Sadiq Khan urges ministers to act on ‘huge’ impact of AI on London jobs | Sadiq Khan

by
0 comments
Sadiq Khan urges ministers to act on 'huge' impact of AI on London jobs | Sadiq Khan

Sadiq Khan is to warn in a major speech that artificial intelligence could destroy huge numbers of jobs in London and “usher in a new era of mass unemployment” if ministers do not act now.

In his annual Mansion House speech, the Mayor of London will say the capital is “at the sharpest edge of change” due to its reliance on white-collar workers in the finance and creative industries and professional services such as law, accounting, consulting and marketing.

Khan will argue that “we have a moral, social and economic duty to act” to ensure that new jobs are created to replace those that disappear, with entry-level and junior jobs being the first to go.

In Thursday night’s speech, the mayor plans to highlight research that shows 70% of the skills in the average job will change by 2030.

However, he also sees huge potential benefits from AI for public services and productivity in the economy, arguing that “AI can enable us to transform our public services, turbocharge productivity and tackle some of our most complex challenges”.

However, he will warn the gathered business leaders that if the technology is used carelessly, it will “usher in a new era of mass unemployment”.

He would say there is a clear choice: “Seize the potential of AI and harness it as a superpower for positive change and creation or surrender to it and sit back and watch as it becomes a weapon of mass destruction of jobs.”

City Hall is launching a London Taskforce on AI and the Future of Work with expertise from government, businesses and the AI ​​sector to assess the potential impact of the technology on London’s jobs market. It will also provide free AI training for Londoners.

More than half of workers in London expect AI to impact their jobs in some way in the next 12 months, according to City Hall polling.

Across the UK, up to 3 million low-skilled jobs in trades, machine operation and admin roles could disappear by 2035 due to automation and AI, according to a November report from the charity National Foundation for Educational Research.

However, many experts and analysts have expressed mixed views on how many jobs AI could replace.

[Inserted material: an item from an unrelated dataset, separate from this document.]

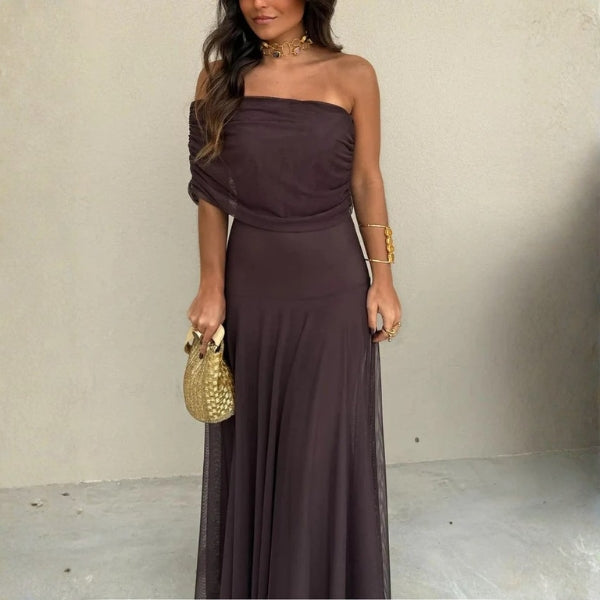 The Santorini Off-Shoulder Mesh Maxi Dress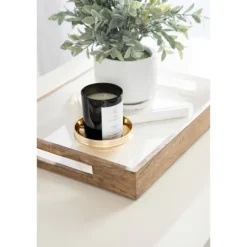 Kirkland's Home Decorative Trays-White Enameled Rectangle Mango Wood Tray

Anthropic, the American AI developer behind cloud chatbots, on Thursday released a report on the economic impacts of AI that found increasing share The types of jobs could use AI for at least a quarter of their work.

However, it presented a mixed picture on whether AI agents can truly replace human labor, finding that AI has low success rates on complex tasks and tasks requiring university education. It states, “Knowledge-intensive work requires human cooperation and judgment.”

Financial research firm Forrester released its own study On the same topic, it found that AI and automation will have a “more modest impact than expected” on American jobs by 2030.

It says the problem is that companies are “over-automating roles due to the AI ​​hype”, which could lead to costly reversals and reputational damage in the future.

“Many companies announcing AI-related layoffs do not have mature, vetted AI applications ready to fill those roles, highlighting the trend of ‘AI washing’ – attributing financially motivated cuts to future AI implementation,” it said.

Khan will argue in his Mansion House speech that Britain and other countries have been too slow to respond to new technology in the past and that the growth of social media has led to mental health crises among young people, an increase in online abuse and an alarming increase in misinformation.

Separately, City of London Mayor Susan Langley said Thursday morning that she had noticed some finance workers were wary of coming to London from abroad because they were concerned about their safety.

However, he told BBC Radio 4’s Today programme: “The City of London is one of the safest cities in the world. There is a perception that you would walk out of your office and be swept away by a tsunami of crime.

“This is completely wrong. The competition for investment is really fierce at the moment, and I think any kind of unfounded negative sentiment being spread there really risks undermining the UK on the global stage, and we can’t let that happen.”